Although Epirus was regarded by foreigners as an unknown and exotic backwater, it was not cut off from outside influences or the world. Outside the Ottoman Empire there had long been trade links through Italy and into Europe and the ties of emigration went as far afield as Paris, Moscow or the Crimea. Increasing contact meant that the Western fascination with the Orient was matched by a yearning for Western ideas and goods within the Empire, particularly by its European subjects. The end of the eighteenth century was dominated by the fallout from three defining events in European and World history: the American colonies’ successful achievement of independence from Britain (1783), the French Revolution (1789) and the rise of Napoleon. These were significant not only for their political outcomes but also as embodiments of the ideas engendered by the intellectual and cultural movements of the time. The ideas of liberty that were the driving force behind these events had a profound influence on Turkey’s disenchanted communities that were becoming more aware of their ethnic identities and nascent nationalism.
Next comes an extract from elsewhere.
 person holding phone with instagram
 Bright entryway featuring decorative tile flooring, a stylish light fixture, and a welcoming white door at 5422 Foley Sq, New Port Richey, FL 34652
The realities of life were complex but the propaganda and media of the day, as now, dealt in stereotypes. In the West the Turk was often viewed with a mix of terror and admiration. The Oriental was seen as capricious, lazy and cruel, but also as chivalrous, brave and noble, and untainted with the base dealings of money and gain; these latter dirty necessities being in the hands of the Turks’ non-Muslim subjects, mainly the Greeks, Jews and Armenians, who were tainted by such activities.
The Enlightenment thinking that underscored these revolutionary movements did not go unheeded in Greece. Rigas Feraios was a political thinker and writer from Thessaly, heavily influenced by French ideas, who was prepared to take action to back his radical views. In 1793 he went to Vienna where he published pamphlets setting out his views on human rights and government. In an effort to seek aid from Napoleon in support of a pan-Balkan uprising against the Ottomans he was betrayed and captured in Trieste on his way to Venice by the Austrian authorities, then allied to Turkey, and handed over to the Ottomans, who had him tortured and executed. As a consequence he became a Greek national hero. Adamantios Korais, a humanist scholar and educator from Smyrna who lived for many years in exile in Paris was also highly influential in spreading Enlightenment ideals in Greece. The Italian and then French occupied Ionian Islands and westward facing Epirus were well-placed to absorb such influences and the contemporary accounts attest to the ideas of Rigas and Korais being circulated.
A further aspect of the Enlightenment for the Westerner spurred on by the desire for individual experience was foreign travel. For the aristocracy and those of sufficient means from northern Europe, and particularly Britain, this meant embarking on the Grand Tour. It was deemed edifying for the young to be exposed to the culture of the classical world and the Renaissance first-hand. From the late seventeenth century young men, often accompanied by a tutor and following planned itineraries, headed south to France and Italy to study history and art, and take in the latest in fashionable society. The outbreak of the French and Napoleonic wars in Europe put an abrupt halt to such undertakings. With the tour that usually culminated in the cultural delights (and otherwise) of Italy now being off limits, new itineraries were needed and Portugal and Corsica became destinations for a few. Fortuitously, when Napoleon invaded Egypt and the Ottomans warmed towards Britain new horizons were opened up. This had particular appeal for those educated within a system that laid such great emphasis on the Classics (Latin and Greek) for the superior civilization of ancient Greece, not only on the Greek mainland but in Turkey itself, could now be observed first-hand.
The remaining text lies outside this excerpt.